FABIO GAVELLI
Economia

Aeroporto di Forlì: voli in ritardo, fino a 10 ore d’attesa

Tanti disagi in quest’inizio di stagione. Aeroitalia: "Problemi, ma non decolliamo noi". Dal Ridolfi opera Air Connect, compagnia rumena nata nel 2022: ‘noleggiati’ flotta ed equipaggio

Un aereo Air Connect sulla pista del Ridolfi: si tratta di un Atr 72/600 da 68 posti

Un aereo Air Connect sulla pista del Ridolfi: si tratta di un Atr 72/600 da 68 posti

Forlì, 11 giugno 2023 – Ritardi frequenti, a volte anche di 10 ore e più o persino voli rimandati al giorno dopo, una decina circa di cancellazioni, qualche disservizio nelle navette per il trasporto passeggeri da e per Bologna nei casi in cui il volo è stato ’dirottato’ sul Marconi.

La ripartenza dell’aeroporto di Forlì nella prima stagione post Covid finora è stata interessante come numeri ma difficoltosa nell’attività.

"Il problema nasce dal fatto che noi non operiamo su Forlì con i nostri aeroplani, che sono troppo grandi per uno scalo regionale come il Ridolfi – dice Gaetano Intrieri, amministratore delegato di Aeroitalia, la compagnia che assicura la maggioranza delle tratte che coinvolgono Forlì –. Perciò ci avvaliamo di una terza compagnia, cioè Air Connect.
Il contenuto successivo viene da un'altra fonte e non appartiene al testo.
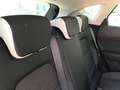 Renault Captur Intens 1.0TCe 100PK Alb - thumbnail 17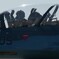 岐阜基地航空祭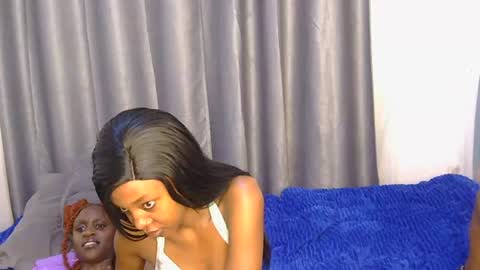 Snapshot of _zeddy chatting on 6, 7, 2026 zeddy online show from 6, 7, 2026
Questo perché loro hanno aerei più piccoli, degli Atr 72/600 da 68 posti. I nostri velivoli, dei Boeing da 189 posti, non li possiamo riempire sul Ridolfi".

Air Connect è una società rumena sorta nel 2022, che utilizza una flotta di Atr 72/600 in particolare per le tratte tra le principali città della Romania. Il rapporto che la lega a Aeroitalia "è il wet-lease , vale a dire il noleggio che comprende l’aeromobile, l’equipaggio, l’assicurazione e la manutenzione – spiega Intrieri –. Si tratta di un sistema impiegato anche da altre compagnie, per esempio Ryanair".

I passeggeri in sostanza neppure si accorgono dell’esistenza di un vettore intermediario, perché il volo, sul tabellone dell’aeroporto, risulta operato da Aeroitalia, con il proprio codice, che è XZ.

Il problema è far funzionare al meglio l’aeroporto, anche perché non è una buona pubblicità il passaparola fra i turisti che hanno avuto disagi: alcuni hanno contattato anche il Carlino o scrivono sui social network. "Certamente, è nostro interesse come quello di F.A., la società che gestisce lo scalo, che tutta vada per il meglio – prosegue il dirigente di Aeroitalia –. Va detto che nell’ultima settimana i disguidi si sono sensibilmente ridotti. Ci stiamo impegnando al massimo affinché tutto funzioni, dando supporto a Air Connect. Al punto che nei prossimi giorni presenteremo assieme a F.A. alcune modifiche al programma per l’estate".

L’attenzione è infatti rivolta al clou della stagione, che sta per decollare. Dal 17 giugno, per esempio, scatteranno i voli per Pantelleria, Lampedusa e Brindisi, poco dopo quelli diretti a Zante, Cefalonia e Dubrovnik.

Di certo, chiarisce Intrieri, "non saranno gli aerei da 189 posti a partire e atterrare dalla pista del Ridolfi. Il velivolo più adeguato è l’Atr da 68 posti. L’importante è che non si verifichino ritardi".